History and clinical findings: A 19-year-old man had mild diarrhoea at the time that suddenly one night he was unable to turn in his bed and the following morning could not move his arms and legs for 4 hours. Neither he nor any family members had previously had any paralysis. Physical examination was unremarkable except for mild tachycardia and first-degree goitre.
Investigations: A provocation test with glucose (3 g/kg) and insulin (0.1 IU/kg) caused renewed paralysis for several hours, serum potassium falling from 4.3 to 3.4 mmol/l. The paralysis was reversed on oral potassium (40 mmol) Thyroid function tests revealed hyperthyroidism with an increased concentration of free thyroxine (25.5 pg/ml) and free triiodothyronine (9.7 pg/ml), while thyroid-stimulating hormone was decreased (0.07 mU/I), supporting the diagnosis of autoimmune thyroiditis.

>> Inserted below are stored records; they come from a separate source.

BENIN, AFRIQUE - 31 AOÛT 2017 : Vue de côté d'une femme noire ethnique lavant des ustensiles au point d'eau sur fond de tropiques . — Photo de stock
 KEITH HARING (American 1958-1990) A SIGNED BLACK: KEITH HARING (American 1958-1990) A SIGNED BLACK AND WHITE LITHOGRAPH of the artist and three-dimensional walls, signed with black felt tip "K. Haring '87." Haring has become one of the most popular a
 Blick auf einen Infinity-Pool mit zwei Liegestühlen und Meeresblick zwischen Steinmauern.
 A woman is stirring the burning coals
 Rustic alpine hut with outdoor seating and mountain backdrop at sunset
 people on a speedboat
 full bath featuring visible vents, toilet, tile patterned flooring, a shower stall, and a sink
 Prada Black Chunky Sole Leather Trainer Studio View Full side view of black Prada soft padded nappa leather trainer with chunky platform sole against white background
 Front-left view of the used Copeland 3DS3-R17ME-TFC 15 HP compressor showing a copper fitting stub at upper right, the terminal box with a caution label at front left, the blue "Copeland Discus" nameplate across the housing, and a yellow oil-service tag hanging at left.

Treatment and course: Thyrostatic treatment was started with thiamazole (10 mg every other day). There was no further periodic paralysis and another provocation test was negative.
Conclusion: Fleeting paralysis is often misdiagnosed as being psychogenic. Potassium abnormalities are the most common cause but are only rarely associated with hyperthyroidism. This case of thyrotoxic hypokalaemic paralysis was probably based on a genetic defect of muscle fibre membrane manifesting itself only in the presence of hyperthyroidism.